Output: Sorted Array: 1 2 3 4 5

**Test case 2: Empty Array** Enter the size of the array: 0

Output: Error: Invalid array size or null pointer. Exiting.

**Test case 3: Non-Numeric Input for Array Size** Enter the size of the array: abc

Output: Error: Invalid input for array size.
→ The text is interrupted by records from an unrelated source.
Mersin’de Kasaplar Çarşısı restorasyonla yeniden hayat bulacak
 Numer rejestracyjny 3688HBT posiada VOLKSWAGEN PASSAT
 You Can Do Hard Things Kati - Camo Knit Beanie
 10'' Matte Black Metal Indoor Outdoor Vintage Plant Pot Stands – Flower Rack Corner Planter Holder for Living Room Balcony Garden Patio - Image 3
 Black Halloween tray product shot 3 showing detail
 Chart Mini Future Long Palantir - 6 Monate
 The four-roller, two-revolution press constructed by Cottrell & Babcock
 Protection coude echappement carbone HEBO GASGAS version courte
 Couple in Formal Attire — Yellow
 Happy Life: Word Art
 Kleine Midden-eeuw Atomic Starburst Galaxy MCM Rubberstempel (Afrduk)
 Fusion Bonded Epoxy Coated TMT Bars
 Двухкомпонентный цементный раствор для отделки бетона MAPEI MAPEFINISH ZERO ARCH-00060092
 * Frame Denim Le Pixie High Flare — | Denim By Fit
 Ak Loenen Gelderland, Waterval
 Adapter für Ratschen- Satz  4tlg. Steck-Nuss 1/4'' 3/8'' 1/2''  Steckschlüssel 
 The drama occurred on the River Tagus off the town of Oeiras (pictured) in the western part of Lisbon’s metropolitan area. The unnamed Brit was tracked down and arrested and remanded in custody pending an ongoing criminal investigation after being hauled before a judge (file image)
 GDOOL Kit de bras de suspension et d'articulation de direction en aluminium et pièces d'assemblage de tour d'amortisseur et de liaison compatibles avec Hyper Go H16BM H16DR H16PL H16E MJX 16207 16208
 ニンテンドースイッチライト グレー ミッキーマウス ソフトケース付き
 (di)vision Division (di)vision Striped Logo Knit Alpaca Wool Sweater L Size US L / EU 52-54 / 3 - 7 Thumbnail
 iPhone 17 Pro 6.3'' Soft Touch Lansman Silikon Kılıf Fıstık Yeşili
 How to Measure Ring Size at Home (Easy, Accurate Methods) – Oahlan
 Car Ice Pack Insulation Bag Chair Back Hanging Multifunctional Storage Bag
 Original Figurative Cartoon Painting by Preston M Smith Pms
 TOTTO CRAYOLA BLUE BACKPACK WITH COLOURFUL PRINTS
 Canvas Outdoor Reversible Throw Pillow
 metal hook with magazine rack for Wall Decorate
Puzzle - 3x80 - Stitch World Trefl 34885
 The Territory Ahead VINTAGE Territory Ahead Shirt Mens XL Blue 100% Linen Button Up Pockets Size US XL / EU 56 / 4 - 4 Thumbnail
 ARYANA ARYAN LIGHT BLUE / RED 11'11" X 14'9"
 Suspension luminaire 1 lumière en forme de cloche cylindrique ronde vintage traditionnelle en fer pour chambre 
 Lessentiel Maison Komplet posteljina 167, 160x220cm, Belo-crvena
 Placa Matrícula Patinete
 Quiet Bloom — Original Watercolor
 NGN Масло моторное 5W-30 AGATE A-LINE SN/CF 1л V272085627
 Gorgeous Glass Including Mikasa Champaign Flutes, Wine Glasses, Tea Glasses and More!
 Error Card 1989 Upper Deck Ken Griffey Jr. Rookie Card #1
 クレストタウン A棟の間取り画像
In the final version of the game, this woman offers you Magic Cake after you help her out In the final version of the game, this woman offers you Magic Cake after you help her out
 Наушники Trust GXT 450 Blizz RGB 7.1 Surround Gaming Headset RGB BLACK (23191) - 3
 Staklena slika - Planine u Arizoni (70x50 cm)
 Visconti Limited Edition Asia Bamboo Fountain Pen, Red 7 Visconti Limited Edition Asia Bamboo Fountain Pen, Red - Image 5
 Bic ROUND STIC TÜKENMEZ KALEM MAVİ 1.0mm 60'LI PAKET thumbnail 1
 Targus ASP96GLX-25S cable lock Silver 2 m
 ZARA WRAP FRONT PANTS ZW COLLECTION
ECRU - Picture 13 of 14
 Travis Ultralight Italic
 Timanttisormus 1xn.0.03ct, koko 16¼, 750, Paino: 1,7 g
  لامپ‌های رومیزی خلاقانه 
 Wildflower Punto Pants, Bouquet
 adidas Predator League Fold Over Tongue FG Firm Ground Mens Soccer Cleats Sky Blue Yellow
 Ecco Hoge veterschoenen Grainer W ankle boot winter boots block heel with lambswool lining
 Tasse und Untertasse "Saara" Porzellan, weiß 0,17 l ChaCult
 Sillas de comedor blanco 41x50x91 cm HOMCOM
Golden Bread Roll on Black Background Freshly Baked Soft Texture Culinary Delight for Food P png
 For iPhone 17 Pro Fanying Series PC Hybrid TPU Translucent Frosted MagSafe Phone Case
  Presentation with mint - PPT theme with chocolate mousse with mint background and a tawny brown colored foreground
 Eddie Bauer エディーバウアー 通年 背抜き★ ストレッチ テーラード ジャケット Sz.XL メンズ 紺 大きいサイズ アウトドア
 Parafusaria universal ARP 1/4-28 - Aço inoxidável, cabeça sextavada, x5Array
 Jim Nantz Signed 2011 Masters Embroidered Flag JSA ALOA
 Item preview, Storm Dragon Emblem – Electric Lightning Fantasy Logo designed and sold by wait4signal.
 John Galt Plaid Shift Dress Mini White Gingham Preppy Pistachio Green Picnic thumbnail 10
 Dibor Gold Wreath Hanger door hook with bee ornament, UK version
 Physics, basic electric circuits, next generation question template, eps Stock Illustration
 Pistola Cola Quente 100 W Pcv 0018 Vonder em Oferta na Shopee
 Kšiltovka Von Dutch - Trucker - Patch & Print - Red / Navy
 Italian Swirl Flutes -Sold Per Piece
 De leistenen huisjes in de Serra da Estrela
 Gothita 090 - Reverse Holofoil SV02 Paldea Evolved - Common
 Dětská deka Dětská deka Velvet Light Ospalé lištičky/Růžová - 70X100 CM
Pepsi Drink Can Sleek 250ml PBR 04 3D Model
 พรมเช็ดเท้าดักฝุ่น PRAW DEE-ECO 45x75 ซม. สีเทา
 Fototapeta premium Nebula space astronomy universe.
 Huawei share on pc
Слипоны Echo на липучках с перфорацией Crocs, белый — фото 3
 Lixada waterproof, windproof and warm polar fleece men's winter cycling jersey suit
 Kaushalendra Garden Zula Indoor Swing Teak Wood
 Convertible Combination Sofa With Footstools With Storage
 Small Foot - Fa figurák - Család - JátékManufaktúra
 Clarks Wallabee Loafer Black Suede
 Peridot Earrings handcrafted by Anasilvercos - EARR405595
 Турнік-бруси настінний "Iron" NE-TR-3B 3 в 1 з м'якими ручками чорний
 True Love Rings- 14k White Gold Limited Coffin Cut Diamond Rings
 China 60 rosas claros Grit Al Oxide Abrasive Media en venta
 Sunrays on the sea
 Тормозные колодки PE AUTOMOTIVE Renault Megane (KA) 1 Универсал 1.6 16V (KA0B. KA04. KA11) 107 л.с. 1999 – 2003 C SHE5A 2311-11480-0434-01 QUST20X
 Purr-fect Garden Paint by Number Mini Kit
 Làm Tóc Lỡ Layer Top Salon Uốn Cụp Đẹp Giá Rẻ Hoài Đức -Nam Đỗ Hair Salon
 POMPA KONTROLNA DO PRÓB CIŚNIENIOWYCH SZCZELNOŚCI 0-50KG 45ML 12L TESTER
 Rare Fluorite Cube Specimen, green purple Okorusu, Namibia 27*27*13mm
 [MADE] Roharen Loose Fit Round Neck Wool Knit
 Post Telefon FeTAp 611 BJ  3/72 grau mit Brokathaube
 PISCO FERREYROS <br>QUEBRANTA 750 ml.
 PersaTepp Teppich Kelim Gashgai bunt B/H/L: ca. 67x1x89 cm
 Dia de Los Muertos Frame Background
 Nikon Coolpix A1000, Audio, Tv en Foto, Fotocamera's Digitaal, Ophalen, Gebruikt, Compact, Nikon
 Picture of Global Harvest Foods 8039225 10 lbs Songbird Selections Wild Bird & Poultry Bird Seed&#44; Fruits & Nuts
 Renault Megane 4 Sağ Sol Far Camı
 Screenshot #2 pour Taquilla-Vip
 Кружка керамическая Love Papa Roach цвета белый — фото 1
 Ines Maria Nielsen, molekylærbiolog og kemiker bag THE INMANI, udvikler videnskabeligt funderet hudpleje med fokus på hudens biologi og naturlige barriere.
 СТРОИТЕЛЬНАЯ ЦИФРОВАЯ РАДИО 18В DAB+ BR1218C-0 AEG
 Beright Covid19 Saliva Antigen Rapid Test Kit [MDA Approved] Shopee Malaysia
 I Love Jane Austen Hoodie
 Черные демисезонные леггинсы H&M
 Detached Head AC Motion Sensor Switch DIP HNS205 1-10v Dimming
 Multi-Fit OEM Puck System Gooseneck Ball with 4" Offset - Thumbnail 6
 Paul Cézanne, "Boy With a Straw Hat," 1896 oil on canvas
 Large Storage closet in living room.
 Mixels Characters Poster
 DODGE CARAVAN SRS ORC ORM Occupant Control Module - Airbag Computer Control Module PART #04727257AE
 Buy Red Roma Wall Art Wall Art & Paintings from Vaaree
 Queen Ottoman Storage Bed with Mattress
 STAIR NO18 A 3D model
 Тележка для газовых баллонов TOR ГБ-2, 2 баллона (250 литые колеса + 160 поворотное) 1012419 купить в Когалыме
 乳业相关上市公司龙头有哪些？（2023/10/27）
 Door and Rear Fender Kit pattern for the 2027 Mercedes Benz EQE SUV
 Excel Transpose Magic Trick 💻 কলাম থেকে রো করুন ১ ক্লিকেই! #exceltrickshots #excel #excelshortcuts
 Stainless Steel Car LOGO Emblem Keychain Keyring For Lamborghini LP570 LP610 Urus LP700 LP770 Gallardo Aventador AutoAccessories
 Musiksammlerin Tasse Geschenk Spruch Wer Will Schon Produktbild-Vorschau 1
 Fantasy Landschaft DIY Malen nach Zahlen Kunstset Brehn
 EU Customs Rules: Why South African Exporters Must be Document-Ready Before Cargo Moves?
Exiting.

# Java code for Bubble sort:

```
/*Copyrights to venkys.io*/
/*For more programs visit venkys.io */
/*Java program for Bubble sort*/
//Stable: Yes
//Inplace: Yes
//Adaptive: No
//Time Complexity: Best case - O(n), Average and worst case - O(n^2)
//Space Complexity: O(1)
import java.util.InputMismatchException; // Import the InputMismatchException class for handling input errors
import java.util.Scanner; // Importing the Scanner class from java.util package for user input
public class bubbleSort{// Declaration of the bubbleSort class
public static void VSDsort(int n,int[] a)
{
// Declaration of a static method named VSDsort that takes an integer n and an integer array a as parameters
// Null check for the array
if (a == null) {
System.out.println("Error: Input array is null.");
return;
}
for(int i=0;i<n;i++) {
// Outer loop: iterating through each element of the array
for(int j=0;j<n-i-1;j++) {
// Inner loop: iterating through the unsorted part of the array
if (a[j]>a[j+1]) {
// Checking if the current element is greater than the next element
VSDswapElementsAt(a,j+1,j);} // Calling a method to swap elements if necessary
}
}
}
// Method to swap elements at two specified positions in the array
public static void VSDswapElementsAt(int[] a,int t1,int t2)
{
{
int temp = a[t1];
a[t1] = a[t2];
a[t2] = temp;
}
}
//Function to print output
public static void VSDprintOutput(int n,int a[]) {
// Null check for the array
if (a == null) {
System.out.println("Error: Input array is null.");
return;
}
System.out.println("The sorted order is:");
for(int i=0;i<n;i++) {
System.out.print(a[i]+" ");
}
}
public static void main(String args[]) {
Scanner scanner = new Scanner(System.in);// Create a Scanner object for user input
//Input the size of the array
System.out.print("Enter the size of the array: ");
int n;
try {
n= scanner.nextInt();
} catch (InputMismatchException e) {
System.out.println("Error: Please enter valid integer for array size.");
return;
}
// Edge case: Non-positive array size
if (n <= 0) {
System.out.println("Error: Array size must be a positive integer.");
return;
}
int[] a = new int[n];
//Input the elements of the array
System.out.println("Enter the elements of the array:");
for (int i = 0; i < n; i++) {
try {
a[i] = scanner.nextInt();
} catch (InputMismatchException e) {
System.out.println("Error: Please enter valid integers for array elements.");
return;
}
}
VSDsort(n,a);//Call to sort the array
VSDprintOutput(n,a);//Printing output
}
}
```

**Test Case 1: Basic Input**

Enter the size of the array: 5 Enter the elements of the array: 4 2 7 1 5 The sorted order is: 1 2 4 5 7

**Test Case 2: Array with Duplicate Elements**

Enter the size of the array: 6 Enter the elements of the array: 3 1 5 2 5 1 The sorted order is: 1 1 2 3 5 5

**Test Case 3: Empty Array and Negative Integer Input**

Enter the size of the array: 0 Error: Array size must be a positive integer.

**Test Case 6: Non-Integer Array Size Input**

Enter the size of the array: abc Error: Please enter a valid integer for the array size.

**Test Case 4: Non-Integer Array Element Input**

Enter the size of the array: 3 Enter the elements of the array: 1 xyz 3 Error: Please enter valid integers for array elements.